__Problem details__
Below are lines of records; copy exactly those from the one containing "我们可以问自己一句话，客户为啥要找我买钢材？" through the one containing "Zarządzanie oświatą: kurs", leaving the pictures behind.

__Given records__

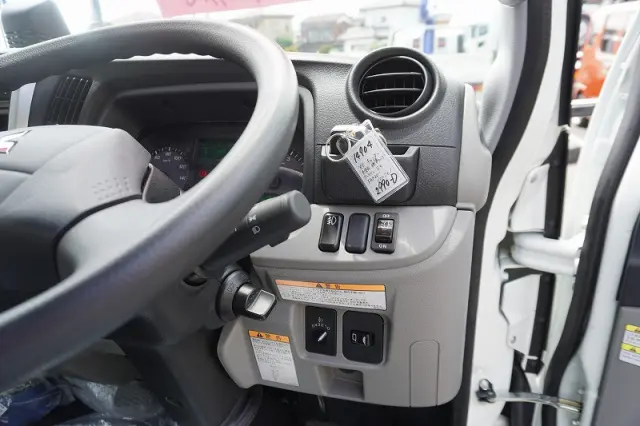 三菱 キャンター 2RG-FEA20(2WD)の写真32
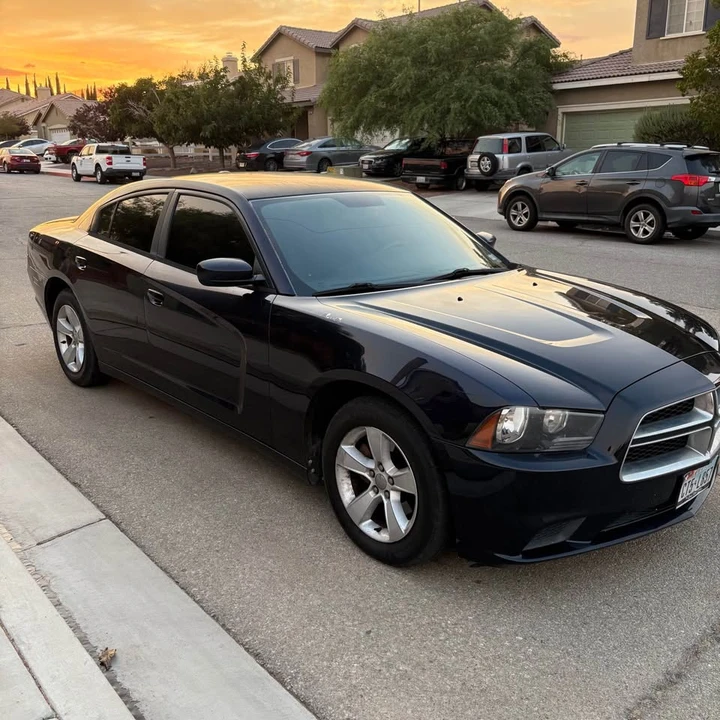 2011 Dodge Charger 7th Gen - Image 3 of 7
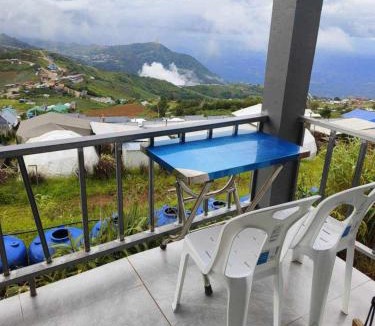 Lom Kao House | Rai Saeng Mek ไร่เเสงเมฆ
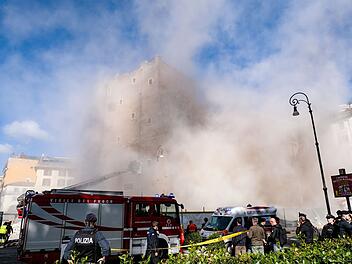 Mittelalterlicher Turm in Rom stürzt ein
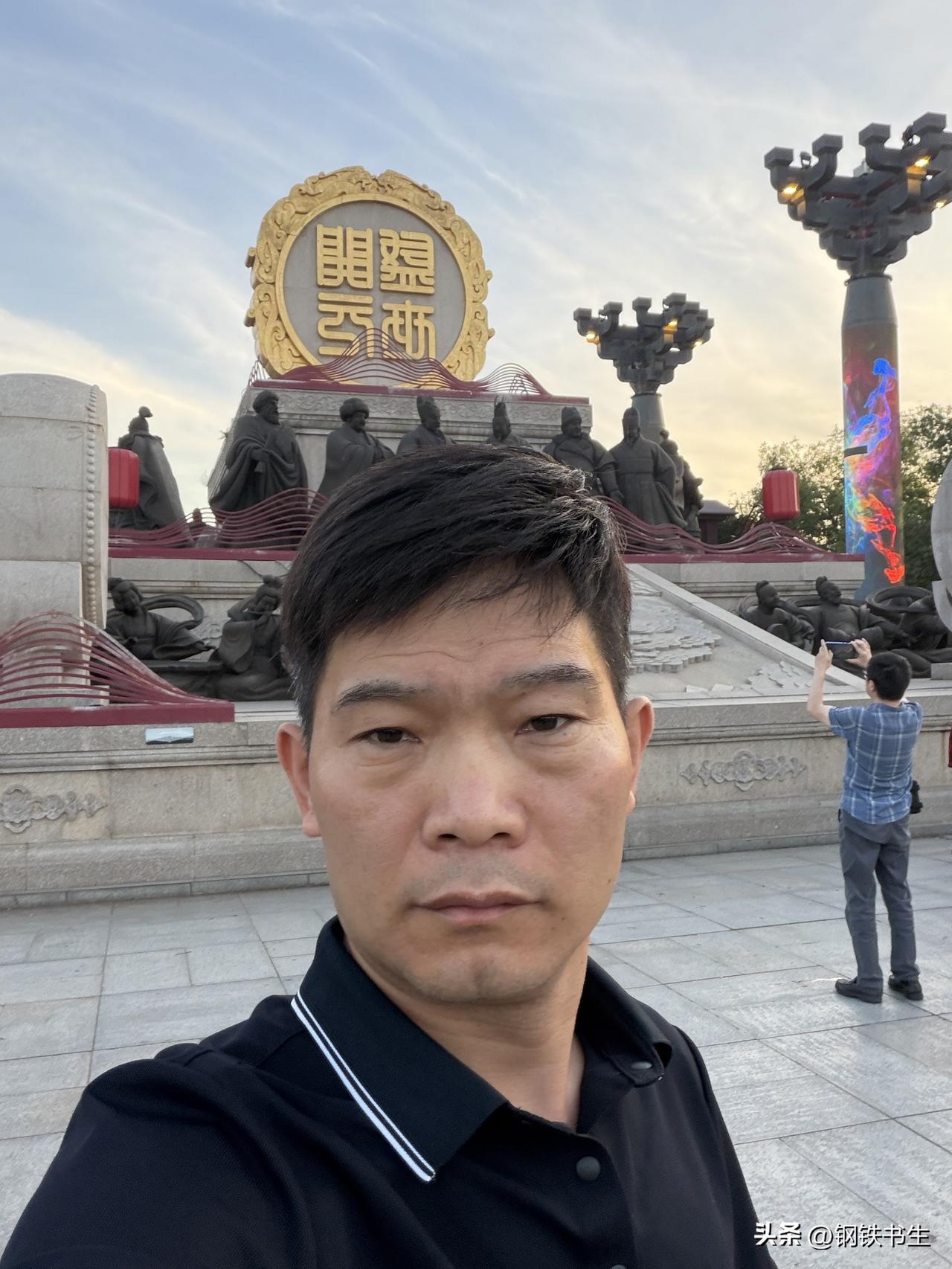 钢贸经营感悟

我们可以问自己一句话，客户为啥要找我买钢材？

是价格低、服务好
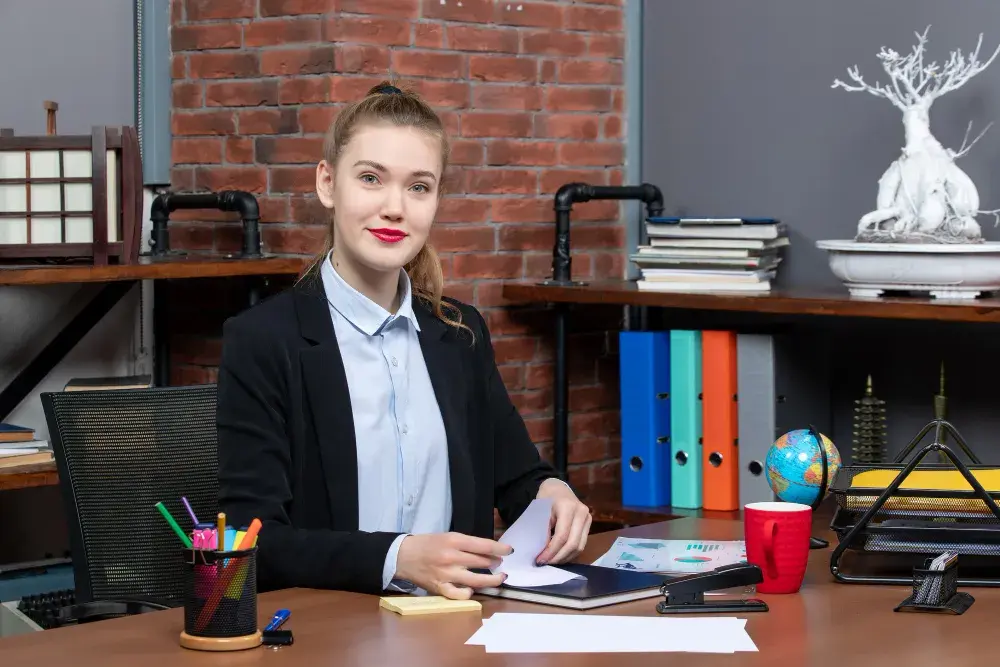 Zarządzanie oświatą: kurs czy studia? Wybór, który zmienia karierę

---

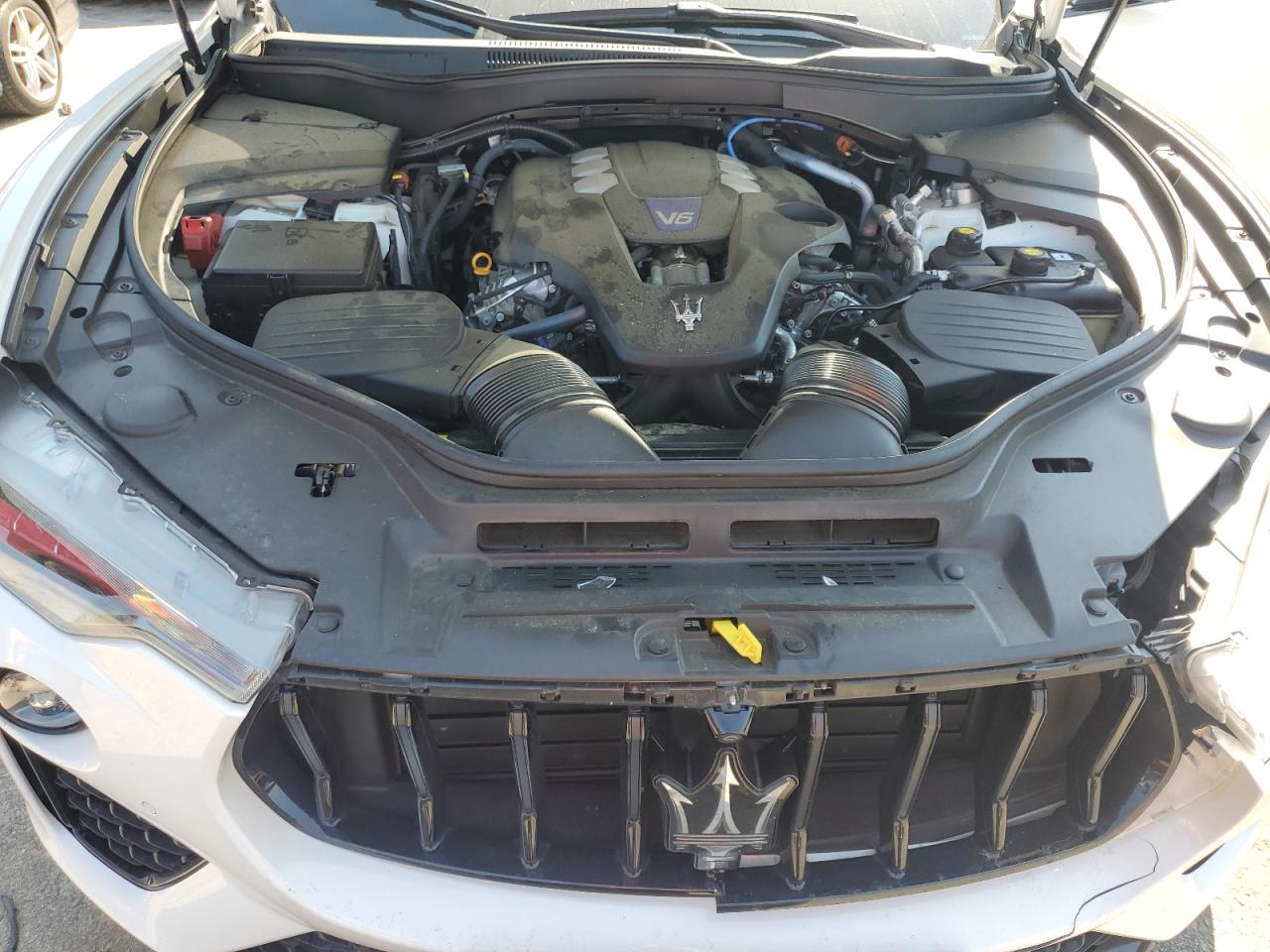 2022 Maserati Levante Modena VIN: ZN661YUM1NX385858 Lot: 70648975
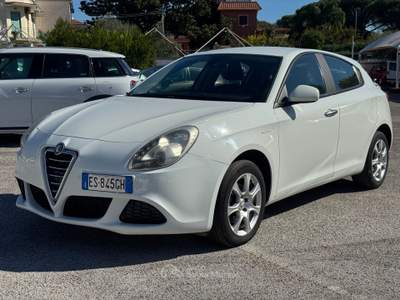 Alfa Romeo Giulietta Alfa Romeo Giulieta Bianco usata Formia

__Written response__
我们可以问自己一句话，客户为啥要找我买钢材？

是价格低、服务好
 Zarządzanie oświatą: kurs czy studia? Wybór, który zmienia karierę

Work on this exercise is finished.